Ainsi aura-t-on jugé que le moment n'était pas opportun pour montrer un drapeau de l'État islamique et quatre têtes décapitées roulant dans le sable. Infini débat du convenable et du condamnable dont l'enjeu dépasse désormais Mozart et le théâtre musical. « Ce n’est pas une censure, c’est de la maturité » nous dit-on… Position d'autant plus ambiguë qu'il s'agit dans le même temps de justifier l'urgence et la nécessité de faire de l'opéra un acte à part entière de notre contemporanéité, sous peine de le voir se muséifier et disparaître.
Au-delà du mortifère et illusoire respect du texte, la mise en scène n'a d'autre intérêt que de vivifier et nourrir le lien qui nous rattache aux œuvres du répertoire – en quelque sorte valider ce lien de manière à ce que ces œuvres interrogent ou interagissent avec notre monde. Le livret de Gottlieb Stephanie regorge d'allusions explicites à des exactions et des massacres dont l'écho guerrier résonnait encore aux portes de Vienne quatre décennies à peine avant que Mozart n'écrive son opéra.
À l'aune de cette décision, on peut se demander désormais si l'on reverra un jour les mises en scènes de l'Enlèvement par Calixto Bieito à Berlin, Hans Neuenfels à Stuttgart ou Stefan Herheim à Salzbourg. Plutôt que de maquiller la proposition de Martin Kušej, mieux valait-il en apprécier le sens et l'intérêt dans l'économie générale de cette production. Sans doute y aurait-on pris la mesure d'un spectacle assez faible et ennuyeux, que ces allusions assez lourdes n'auraient de toute façon pas permis de sauver.
Ici verbeux et statique, le Singspiel pêche souvent par un manque d'imagination scénographique qui finit par plomber la soirée. Kušej et Ostermaier ont opté pour de nombreuses modifications du livret, introduisant une dimension souvent humoristique et décalée. Il faut en effet une sacrée dose d'humour anglais pour affronter cette étendue de poudre de liège figurant l'immensité du désert.
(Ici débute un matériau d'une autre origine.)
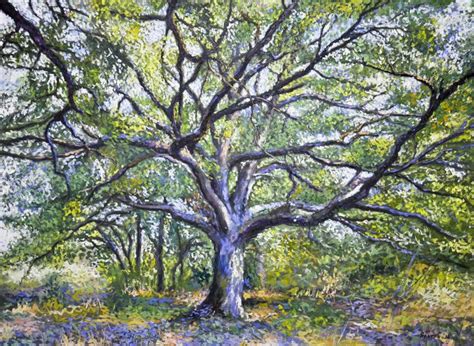 Oak Tree Paintings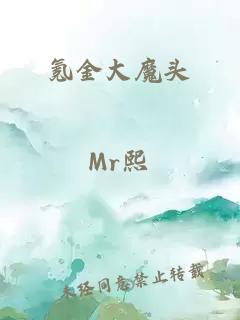 氪金大魔头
Le pacha Selim a planté sa tente côté jardin, laissant à cour l'espace libre pour décliner les péripéties des quatre pieds-nickelés prisonniers des djihadistes.
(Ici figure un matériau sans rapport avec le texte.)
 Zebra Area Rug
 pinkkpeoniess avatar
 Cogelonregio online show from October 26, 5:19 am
Seuls les magnifiques éclairages de Reinhard Traub sur la voûte céleste trompent l'ennui pendant les longues trouées silencieuses. Selim peut réciter ses répliques, on l'écoute avec délice philosopher avec son physique de Lawrence d'Arabie un rien rêveur et perdu. L'idée est astucieuse et souligne l'opposition entre Osmin l'obtus djihadiste et Selim, magnanime héritier de l'Europe des Lumières. Le sabre du pacha tranchera quatre pastèques rafraîchissantes en signe de pardon, tandis que le gardien du sérail désobéira à ses ordres en optant pour la décapitation des otages. Dénouement tragique et glaçant qui conduit dans un cul-de-sac une dramaturgie qui somnolait mollement.
Déception dans la fosse, le Mozart de Jérémie Rhorer marche ce soir sur des pointes et contredit le vide scénique. Après une ouverture très carrée aux percussions clinquantes et inutiles écrasements de cymbales, c'est la petite harmonie du Freiburger Barockorchester qui couine ses répliques à des cordes approximatives. À trop vouloir alléger le propos, la battue précipite les fins de phrases, ce qui a le don de déstabiliser le plateau.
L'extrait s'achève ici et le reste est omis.